Arcueil - Carrefour de la Vache Noire - 7 novembre 2021 - Du fait des travaux de la ligne 15, la ligne 323 est scindée en deux sections de part et d'autre de Châtillon-Montrouge : c'est un axe de rocade très important au sud de Paris, traversant des communes denses. L'amélioration des conditions de circulation sur cet axe est essentielle. Des autobus articulés seraient aussi nécessaires, supposant une capacité de remisage accrue. © transportparis
Montreuil - Avenue Gabriel Péri - 5 novembre 2021 - Une voie réservée aux autobus aurait été bien utile ici pour réduire le temps de parcours entre Fontenay-sous-Bois et Montreuil. On aperçoit derrière le 115 déjà d'autres Citélis de la ligne 127 à la fréquence pourtant moyenne... © transportparis
Pour couronner le tout, rappelons aussi qu'il manque 147 autobus à l'effectif puisque les Bluebus de deuxième génération sont toujours à l'arrêt faute de solution pour remédier au risque d'incendie.

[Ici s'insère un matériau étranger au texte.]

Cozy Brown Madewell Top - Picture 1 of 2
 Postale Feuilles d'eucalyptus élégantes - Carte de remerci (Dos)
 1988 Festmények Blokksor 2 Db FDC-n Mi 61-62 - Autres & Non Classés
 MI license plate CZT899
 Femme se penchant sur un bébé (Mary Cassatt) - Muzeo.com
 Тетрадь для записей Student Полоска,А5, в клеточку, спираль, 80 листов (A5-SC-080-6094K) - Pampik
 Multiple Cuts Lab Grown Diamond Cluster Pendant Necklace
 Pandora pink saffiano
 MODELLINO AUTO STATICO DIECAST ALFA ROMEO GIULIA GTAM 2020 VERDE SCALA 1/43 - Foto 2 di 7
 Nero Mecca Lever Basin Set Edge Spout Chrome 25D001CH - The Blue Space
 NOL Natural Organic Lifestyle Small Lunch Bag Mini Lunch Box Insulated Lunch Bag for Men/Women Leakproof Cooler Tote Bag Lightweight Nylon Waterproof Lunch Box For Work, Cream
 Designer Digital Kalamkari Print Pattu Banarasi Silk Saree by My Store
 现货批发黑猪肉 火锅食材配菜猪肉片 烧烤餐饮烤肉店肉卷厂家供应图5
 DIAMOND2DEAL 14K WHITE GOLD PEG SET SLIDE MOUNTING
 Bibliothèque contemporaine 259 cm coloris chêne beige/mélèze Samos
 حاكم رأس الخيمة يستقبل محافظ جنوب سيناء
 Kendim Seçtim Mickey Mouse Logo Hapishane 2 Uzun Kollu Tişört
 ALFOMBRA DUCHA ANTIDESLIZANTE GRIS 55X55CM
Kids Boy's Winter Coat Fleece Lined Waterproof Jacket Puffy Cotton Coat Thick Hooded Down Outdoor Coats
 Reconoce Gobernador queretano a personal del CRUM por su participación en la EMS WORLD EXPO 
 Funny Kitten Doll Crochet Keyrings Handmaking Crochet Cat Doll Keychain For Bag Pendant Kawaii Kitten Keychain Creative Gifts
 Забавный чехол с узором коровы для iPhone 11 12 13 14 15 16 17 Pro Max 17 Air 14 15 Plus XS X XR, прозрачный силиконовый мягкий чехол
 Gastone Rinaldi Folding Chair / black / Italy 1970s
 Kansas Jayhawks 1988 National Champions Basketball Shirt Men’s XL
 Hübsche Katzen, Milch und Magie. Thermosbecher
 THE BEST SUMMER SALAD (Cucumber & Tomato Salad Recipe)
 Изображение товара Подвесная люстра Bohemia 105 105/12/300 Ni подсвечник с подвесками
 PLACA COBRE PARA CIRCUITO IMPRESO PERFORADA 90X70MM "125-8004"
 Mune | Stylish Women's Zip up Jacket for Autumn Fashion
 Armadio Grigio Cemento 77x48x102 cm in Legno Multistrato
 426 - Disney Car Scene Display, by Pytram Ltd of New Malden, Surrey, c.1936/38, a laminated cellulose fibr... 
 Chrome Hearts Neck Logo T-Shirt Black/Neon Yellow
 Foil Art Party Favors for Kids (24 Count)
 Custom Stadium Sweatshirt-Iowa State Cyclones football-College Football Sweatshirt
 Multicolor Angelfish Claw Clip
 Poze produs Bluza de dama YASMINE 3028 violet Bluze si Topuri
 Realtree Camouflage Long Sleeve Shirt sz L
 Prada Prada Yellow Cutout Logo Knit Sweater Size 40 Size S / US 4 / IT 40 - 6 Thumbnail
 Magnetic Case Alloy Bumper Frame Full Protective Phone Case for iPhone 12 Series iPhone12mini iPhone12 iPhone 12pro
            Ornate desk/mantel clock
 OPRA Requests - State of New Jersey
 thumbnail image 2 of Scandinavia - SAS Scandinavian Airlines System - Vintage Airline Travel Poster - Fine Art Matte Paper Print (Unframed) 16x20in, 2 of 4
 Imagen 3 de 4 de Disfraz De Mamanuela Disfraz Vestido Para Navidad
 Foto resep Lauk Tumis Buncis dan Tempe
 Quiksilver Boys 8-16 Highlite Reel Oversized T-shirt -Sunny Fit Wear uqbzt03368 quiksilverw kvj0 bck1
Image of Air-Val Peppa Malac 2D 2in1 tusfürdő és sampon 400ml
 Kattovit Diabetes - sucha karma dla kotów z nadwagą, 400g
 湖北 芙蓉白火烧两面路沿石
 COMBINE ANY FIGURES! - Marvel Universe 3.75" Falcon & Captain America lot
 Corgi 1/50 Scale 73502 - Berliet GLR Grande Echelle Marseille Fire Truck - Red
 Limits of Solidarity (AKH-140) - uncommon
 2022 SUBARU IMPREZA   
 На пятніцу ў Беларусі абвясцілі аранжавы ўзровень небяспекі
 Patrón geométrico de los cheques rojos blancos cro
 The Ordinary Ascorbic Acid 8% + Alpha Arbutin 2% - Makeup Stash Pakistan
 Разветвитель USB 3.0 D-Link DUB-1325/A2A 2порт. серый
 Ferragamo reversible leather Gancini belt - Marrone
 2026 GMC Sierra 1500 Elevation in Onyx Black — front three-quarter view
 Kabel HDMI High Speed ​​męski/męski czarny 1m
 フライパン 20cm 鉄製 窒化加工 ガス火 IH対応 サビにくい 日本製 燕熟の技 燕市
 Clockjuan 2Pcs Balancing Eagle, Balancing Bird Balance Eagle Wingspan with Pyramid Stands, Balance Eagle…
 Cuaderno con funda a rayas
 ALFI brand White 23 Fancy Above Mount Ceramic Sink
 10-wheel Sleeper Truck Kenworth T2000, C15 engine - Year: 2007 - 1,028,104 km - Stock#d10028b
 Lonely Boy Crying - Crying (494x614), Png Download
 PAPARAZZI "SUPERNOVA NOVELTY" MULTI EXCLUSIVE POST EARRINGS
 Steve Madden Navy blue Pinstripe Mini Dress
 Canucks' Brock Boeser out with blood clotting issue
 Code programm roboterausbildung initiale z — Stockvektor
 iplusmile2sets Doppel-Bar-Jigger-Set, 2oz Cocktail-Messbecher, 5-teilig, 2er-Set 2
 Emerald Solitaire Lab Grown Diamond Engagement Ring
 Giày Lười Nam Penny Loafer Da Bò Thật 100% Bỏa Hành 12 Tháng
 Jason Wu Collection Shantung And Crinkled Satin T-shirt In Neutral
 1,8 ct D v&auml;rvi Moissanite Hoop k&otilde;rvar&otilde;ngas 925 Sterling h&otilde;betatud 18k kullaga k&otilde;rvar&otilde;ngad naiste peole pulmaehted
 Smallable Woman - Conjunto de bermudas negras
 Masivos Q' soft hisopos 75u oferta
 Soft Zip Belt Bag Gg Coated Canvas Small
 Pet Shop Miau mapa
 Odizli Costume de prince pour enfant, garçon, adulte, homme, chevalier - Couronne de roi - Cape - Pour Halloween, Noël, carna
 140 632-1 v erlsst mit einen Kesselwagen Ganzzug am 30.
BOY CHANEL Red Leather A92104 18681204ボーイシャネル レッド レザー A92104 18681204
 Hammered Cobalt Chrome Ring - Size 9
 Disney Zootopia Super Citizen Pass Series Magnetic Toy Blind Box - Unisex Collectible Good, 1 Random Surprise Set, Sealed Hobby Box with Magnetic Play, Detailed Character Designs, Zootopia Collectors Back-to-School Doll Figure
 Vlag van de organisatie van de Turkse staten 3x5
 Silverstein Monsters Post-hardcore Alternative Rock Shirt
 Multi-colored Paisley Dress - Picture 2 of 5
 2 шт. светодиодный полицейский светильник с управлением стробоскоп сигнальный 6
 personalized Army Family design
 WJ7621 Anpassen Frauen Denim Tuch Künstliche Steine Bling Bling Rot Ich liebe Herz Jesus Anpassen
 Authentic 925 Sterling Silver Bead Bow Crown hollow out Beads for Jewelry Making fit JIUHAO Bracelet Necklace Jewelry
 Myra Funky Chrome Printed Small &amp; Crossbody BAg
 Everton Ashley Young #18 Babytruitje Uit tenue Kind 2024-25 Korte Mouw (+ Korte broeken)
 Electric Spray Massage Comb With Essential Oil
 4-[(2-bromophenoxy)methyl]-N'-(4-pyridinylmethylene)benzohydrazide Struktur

Le ministre des Transports a annoncé un report de 2 ans de la procédure, soutenant une proposition de loi déposée par un député communiste (lui-même opposé au principe de libéralisation) et contre la position de la Région et d'Ile-de-France Mobilités.
Il faut espérer que ce délai supplémentaire permettra non seulement de retrouver des effectifs en nombre suffisant pour rétablir le service nominal sur l'ensemble du réseau mais aussi pour réfléchir aux conséquences des futures contractualisations. Nul doute que les opérateurs seront très attendus sur des critères qualitatifs comme la ponctualité et l'efficacité du service : la dimension économique n'est pas à négliger puisque de la vitesse commerciale dépend directement le coût de production du service et son attractivité. La ponctualité, comme la vitesse commerciale, dépendent principalement de la gestion de la circulation. Comment les opérateurs pourront-ils prendre des engagements sur ces points essentiels sans avoir en face une certaine garantie de la part des gestionnaires de voirie ? C'est un peu le même problème que dans le secteur ferroviaire, dans lequel les opérateurs demandent des garanties de disponibilité de l'infrastructure et de qualité des sillons...
Bref, il serait particulièrement bienvenu que ce délai supplémentaire soit mis à profit pour engager un plan d'amélioration de la vitesse commerciale des lignes d'autobus, avec un objectif de gain de 30 % en 3 à 5 ans.